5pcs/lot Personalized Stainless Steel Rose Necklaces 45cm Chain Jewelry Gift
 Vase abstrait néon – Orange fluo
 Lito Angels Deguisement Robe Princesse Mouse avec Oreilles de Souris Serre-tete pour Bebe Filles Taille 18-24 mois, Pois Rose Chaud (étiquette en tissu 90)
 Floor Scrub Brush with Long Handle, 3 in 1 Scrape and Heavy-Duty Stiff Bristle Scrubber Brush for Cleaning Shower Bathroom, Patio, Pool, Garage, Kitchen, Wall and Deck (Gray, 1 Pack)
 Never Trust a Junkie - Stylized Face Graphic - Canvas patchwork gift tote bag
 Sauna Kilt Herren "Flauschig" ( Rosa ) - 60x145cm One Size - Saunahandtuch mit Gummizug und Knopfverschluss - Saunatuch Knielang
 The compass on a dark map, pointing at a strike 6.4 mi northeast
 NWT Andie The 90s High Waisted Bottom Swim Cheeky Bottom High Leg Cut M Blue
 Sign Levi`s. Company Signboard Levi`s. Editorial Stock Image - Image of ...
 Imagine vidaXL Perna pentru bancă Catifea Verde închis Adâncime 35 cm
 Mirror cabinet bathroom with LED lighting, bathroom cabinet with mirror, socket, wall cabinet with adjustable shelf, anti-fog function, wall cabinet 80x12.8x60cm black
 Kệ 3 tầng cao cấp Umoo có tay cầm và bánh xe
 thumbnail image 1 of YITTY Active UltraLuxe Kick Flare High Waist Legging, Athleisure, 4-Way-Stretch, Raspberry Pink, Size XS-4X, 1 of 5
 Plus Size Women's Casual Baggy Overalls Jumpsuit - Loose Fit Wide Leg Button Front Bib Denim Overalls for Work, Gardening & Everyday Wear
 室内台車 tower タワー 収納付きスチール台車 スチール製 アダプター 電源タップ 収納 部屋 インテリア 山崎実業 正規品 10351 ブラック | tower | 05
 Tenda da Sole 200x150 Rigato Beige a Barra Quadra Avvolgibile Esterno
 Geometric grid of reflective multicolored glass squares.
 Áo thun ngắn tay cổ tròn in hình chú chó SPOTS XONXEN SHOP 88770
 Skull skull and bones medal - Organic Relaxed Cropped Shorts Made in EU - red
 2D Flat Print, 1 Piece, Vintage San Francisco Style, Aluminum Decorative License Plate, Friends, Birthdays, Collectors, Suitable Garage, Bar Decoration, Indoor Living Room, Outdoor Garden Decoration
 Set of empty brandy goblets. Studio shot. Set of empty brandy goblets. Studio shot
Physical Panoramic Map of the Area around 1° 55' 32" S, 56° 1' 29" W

> **What is required**
Each entry above should be written again exactly.

> **Task result**
5pcs/lot Personalized Stainless Steel Rose Necklaces 45cm Chain Jewelry Gift
 Vase abstrait néon – Orange fluo
 Lito Angels Deguisement Robe Princesse Mouse avec Oreilles de Souris Serre-tete pour Bebe Filles Taille 18-24 mois, Pois Rose Chaud (étiquette en tissu 90)
 Floor Scrub Brush with Long Handle, 3 in 1 Scrape and Heavy-Duty Stiff Bristle Scrubber Brush for Cleaning Shower Bathroom, Patio, Pool, Garage, Kitchen, Wall and Deck (Gray, 1 Pack)
 Never Trust a Junkie - Stylized Face Graphic - Canvas patchwork gift tote bag
 Sauna Kilt Herren "Flauschig" ( Rosa ) - 60x145cm One Size - Saunahandtuch mit Gummizug und Knopfverschluss - Saunatuch Knielang
 The compass on a dark map, pointing at a strike 6.4 mi northeast
 NWT Andie The 90s High Waisted Bottom Swim Cheeky Bottom High Leg Cut M Blue
 Sign Levi`s. Company Signboard Levi`s. Editorial Stock Image - Image of ...
 Imagine vidaXL Perna pentru bancă Catifea Verde închis Adâncime 35 cm
 Mirror cabinet bathroom with LED lighting, bathroom cabinet with mirror, socket, wall cabinet with adjustable shelf, anti-fog function, wall cabinet 80x12.8x60cm black
 Kệ 3 tầng cao cấp Umoo có tay cầm và bánh xe
 thumbnail image 1 of YITTY Active UltraLuxe Kick Flare High Waist Legging, Athleisure, 4-Way-Stretch, Raspberry Pink, Size XS-4X, 1 of 5
 Plus Size Women's Casual Baggy Overalls Jumpsuit - Loose Fit Wide Leg Button Front Bib Denim Overalls for Work, Gardening & Everyday Wear
 室内台車 tower タワー 収納付きスチール台車 スチール製 アダプター 電源タップ 収納 部屋 インテリア 山崎実業 正規品 10351 ブラック | tower | 05
 Tenda da Sole 200x150 Rigato Beige a Barra Quadra Avvolgibile Esterno
 Geometric grid of reflective multicolored glass squares.
 Áo thun ngắn tay cổ tròn in hình chú chó SPOTS XONXEN SHOP 88770
 Skull skull and bones medal - Organic Relaxed Cropped Shorts Made in EU - red
 2D Flat Print, 1 Piece, Vintage San Francisco Style, Aluminum Decorative License Plate, Friends, Birthdays, Collectors, Suitable Garage, Bar Decoration, Indoor Living Room, Outdoor Garden Decoration
 Set of empty brandy goblets. Studio shot. Set of empty brandy goblets. Studio shot
Physical Panoramic Map of the Area around 1° 55' 32" S, 56° 1' 29" W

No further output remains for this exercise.